The day after the tragedy in Colorado the web filled up with three predictable positions. 1. “If there had been someone with a concealed weapon, he or she might have saved everyone there.” 2. “The assault weapons used by the killer were all legal. More weapons would have created a cross fire and given the police no idea who to pursue when they arrived. 3. The President said this isn’t a time for politics but a time for prayer.

What makes this conversation so hard is that each position represents an entire worldview. Someone who believes that human beings are essentially violent will reason that only more guns can counterbalance such acts of violence. Those who believe that violence only leads to more violence point out that countries like England have only a fraction of the gun deaths of the U.S. Those caught in the middle believe if we ignore the situation it will somehow all work out.

I fall into the second group and believe that if assault weapons were illegal it would be easier to identify violent and unbalanced people. I don’t believe in taking away all guns, but feel small handguns and military grade assault weapons have no place in a civilized nation. The idea that an armed citizenship could defend itself against today’s military is delusional in my opinion. Just Youtube Iraqi’s armed with such weapons shot down with Apache helicopters from ungodly ranges.

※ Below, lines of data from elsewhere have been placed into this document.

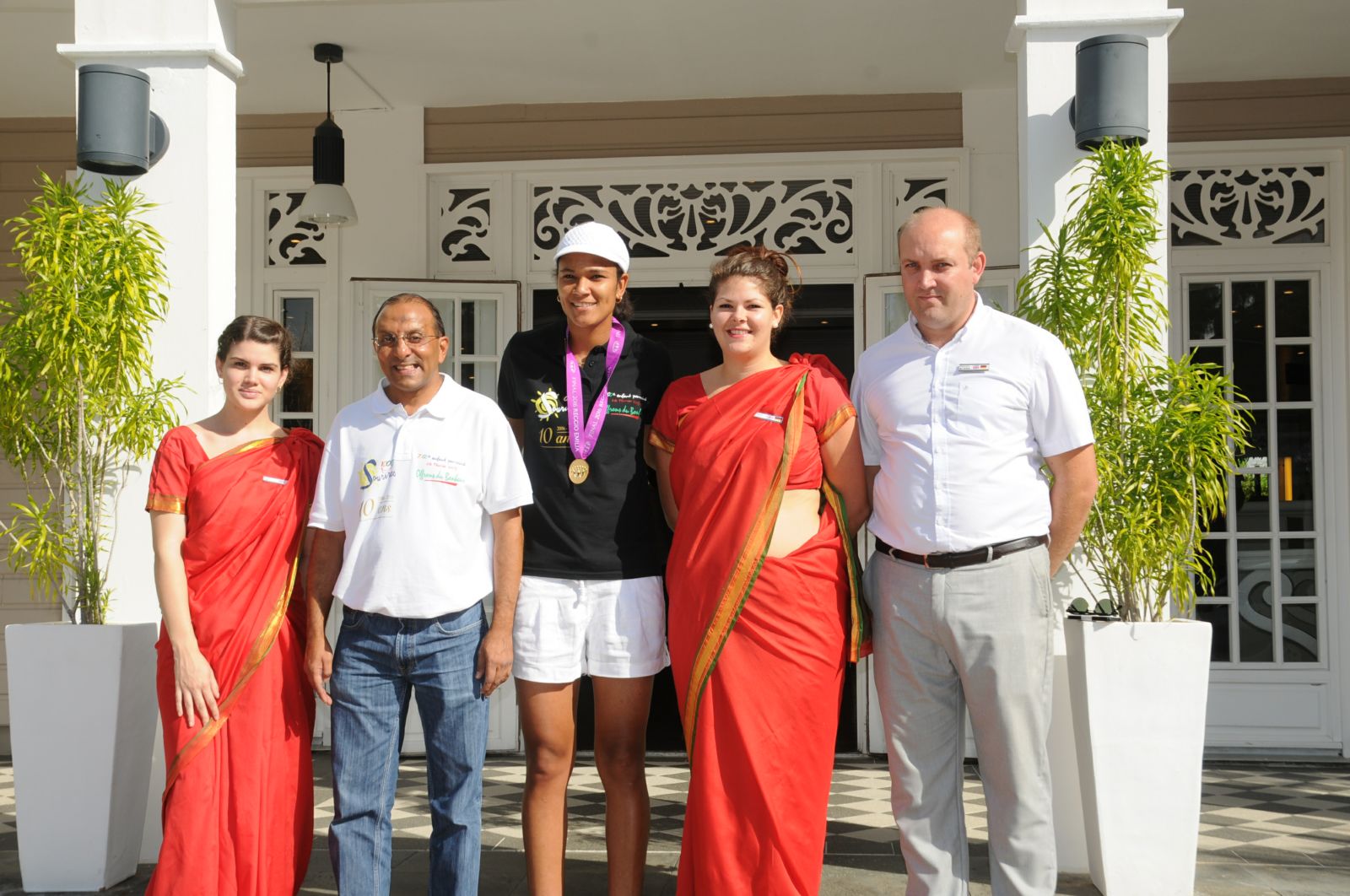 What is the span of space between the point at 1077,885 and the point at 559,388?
1878 millimetres

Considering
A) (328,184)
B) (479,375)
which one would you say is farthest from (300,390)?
(328,184)

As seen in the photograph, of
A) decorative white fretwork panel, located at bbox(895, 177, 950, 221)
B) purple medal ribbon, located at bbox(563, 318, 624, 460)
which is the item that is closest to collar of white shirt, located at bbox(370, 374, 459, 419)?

But my point in writing today is not to argue for that one point of view. Instead, I’m hoping as people disagree on what caused the shooting that we not get lost in traditional cliches, but talk instead about what our hopes and fears, and what kind of a world we both want to live in. Is violence the principle that will organize the kind of world we want to live in? Are we becoming safer as we arm ourselves to the teeth, or are we becoming Kafka-like insects? Simplistic arguments will lead us nowhere. Gun advocates are right that we cannot wish violence away, but if the source of this violence is a wound in the soul of our nation, then gun control advocates also have a point: we can’t shoot it away either.

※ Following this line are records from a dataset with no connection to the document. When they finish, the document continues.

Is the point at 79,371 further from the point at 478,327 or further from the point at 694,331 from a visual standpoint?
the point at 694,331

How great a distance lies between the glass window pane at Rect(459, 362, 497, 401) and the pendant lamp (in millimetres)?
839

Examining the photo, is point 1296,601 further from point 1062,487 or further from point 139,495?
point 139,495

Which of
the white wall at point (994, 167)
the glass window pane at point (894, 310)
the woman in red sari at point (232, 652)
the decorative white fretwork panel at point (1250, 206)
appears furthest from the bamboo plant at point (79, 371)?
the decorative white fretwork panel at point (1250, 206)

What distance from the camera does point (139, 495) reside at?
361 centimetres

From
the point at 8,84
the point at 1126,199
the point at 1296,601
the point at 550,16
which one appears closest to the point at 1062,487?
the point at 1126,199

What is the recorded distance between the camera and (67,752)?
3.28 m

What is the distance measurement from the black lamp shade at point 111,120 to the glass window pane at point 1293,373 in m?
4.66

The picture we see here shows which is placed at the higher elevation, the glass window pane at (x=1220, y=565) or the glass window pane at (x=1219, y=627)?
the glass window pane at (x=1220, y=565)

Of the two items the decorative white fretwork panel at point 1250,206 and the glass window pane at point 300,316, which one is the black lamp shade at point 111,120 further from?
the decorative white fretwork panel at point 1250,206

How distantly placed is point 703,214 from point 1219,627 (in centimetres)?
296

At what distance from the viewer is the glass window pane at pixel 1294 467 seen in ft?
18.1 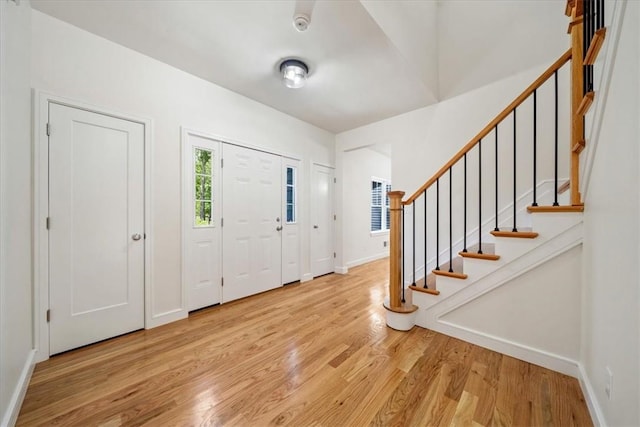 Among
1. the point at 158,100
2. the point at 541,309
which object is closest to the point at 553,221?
the point at 541,309

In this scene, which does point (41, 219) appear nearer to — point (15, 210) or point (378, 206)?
point (15, 210)

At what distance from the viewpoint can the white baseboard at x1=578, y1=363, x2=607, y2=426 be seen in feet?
3.78

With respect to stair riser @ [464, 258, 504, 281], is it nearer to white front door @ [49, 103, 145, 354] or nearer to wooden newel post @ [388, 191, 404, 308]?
wooden newel post @ [388, 191, 404, 308]

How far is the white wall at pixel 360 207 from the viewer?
4727 millimetres

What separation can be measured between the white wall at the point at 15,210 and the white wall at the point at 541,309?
3.02 metres

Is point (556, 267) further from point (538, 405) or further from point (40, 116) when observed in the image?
point (40, 116)

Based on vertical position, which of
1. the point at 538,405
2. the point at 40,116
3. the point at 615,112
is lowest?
the point at 538,405

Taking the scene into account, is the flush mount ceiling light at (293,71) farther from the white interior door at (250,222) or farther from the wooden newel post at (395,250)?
the wooden newel post at (395,250)

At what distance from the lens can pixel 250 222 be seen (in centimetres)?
320

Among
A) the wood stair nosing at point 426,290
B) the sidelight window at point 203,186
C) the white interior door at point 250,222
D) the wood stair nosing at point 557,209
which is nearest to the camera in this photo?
the wood stair nosing at point 557,209

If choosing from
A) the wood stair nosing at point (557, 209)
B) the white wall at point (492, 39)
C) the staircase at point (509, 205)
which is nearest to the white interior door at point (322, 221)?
the staircase at point (509, 205)

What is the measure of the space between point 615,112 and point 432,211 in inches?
89.9

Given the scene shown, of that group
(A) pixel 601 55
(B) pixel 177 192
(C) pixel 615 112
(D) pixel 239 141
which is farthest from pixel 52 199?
(A) pixel 601 55

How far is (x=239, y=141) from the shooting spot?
304cm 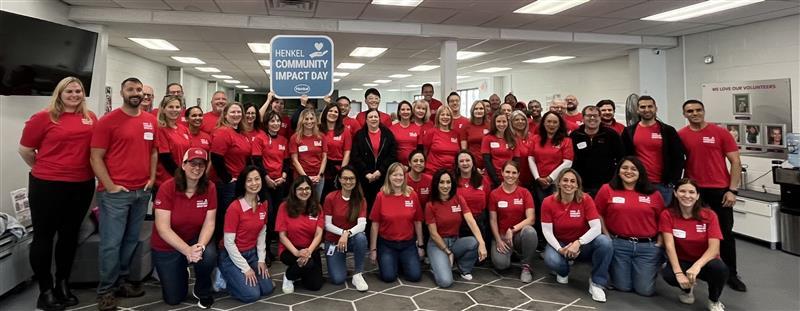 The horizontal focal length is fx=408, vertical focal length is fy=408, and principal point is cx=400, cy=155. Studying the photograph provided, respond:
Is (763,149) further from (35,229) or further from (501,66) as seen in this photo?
(35,229)

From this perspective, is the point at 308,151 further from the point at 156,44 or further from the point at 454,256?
the point at 156,44

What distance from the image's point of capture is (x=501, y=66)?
36.2ft

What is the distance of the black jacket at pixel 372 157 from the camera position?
3883 mm

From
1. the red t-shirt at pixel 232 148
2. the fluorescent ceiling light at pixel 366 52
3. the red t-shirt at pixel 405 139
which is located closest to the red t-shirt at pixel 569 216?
the red t-shirt at pixel 405 139

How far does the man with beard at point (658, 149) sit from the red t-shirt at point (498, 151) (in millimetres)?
1044

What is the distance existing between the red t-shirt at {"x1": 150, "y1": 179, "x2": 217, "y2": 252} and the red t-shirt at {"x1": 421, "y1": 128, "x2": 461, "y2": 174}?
1984 mm

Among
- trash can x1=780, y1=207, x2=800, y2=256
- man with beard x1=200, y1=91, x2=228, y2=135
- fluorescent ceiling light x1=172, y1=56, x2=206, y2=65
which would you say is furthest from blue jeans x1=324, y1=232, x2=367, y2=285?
fluorescent ceiling light x1=172, y1=56, x2=206, y2=65

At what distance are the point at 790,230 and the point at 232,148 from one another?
5.44 meters

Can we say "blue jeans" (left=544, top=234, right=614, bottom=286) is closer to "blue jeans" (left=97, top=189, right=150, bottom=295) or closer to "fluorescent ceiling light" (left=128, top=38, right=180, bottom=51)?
"blue jeans" (left=97, top=189, right=150, bottom=295)

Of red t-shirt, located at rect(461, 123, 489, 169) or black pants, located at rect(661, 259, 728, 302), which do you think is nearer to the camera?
black pants, located at rect(661, 259, 728, 302)

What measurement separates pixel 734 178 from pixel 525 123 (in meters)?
1.70

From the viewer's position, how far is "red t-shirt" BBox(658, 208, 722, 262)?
9.28ft

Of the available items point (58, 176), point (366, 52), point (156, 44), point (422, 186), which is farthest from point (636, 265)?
point (156, 44)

Conversations about whose fault this is will probably be useless. Blaming the NRA or gun control advocates will not answer the question we need to ask.  What are the hopes and fears do we share with those with whom we disagree? How can we who disagree fundamentally on specifics and  still work together to create the kind of world that is worth living in? If people of good will cannot learn to have these conversations, the Colorado shooting may just be the preview of coming attractions.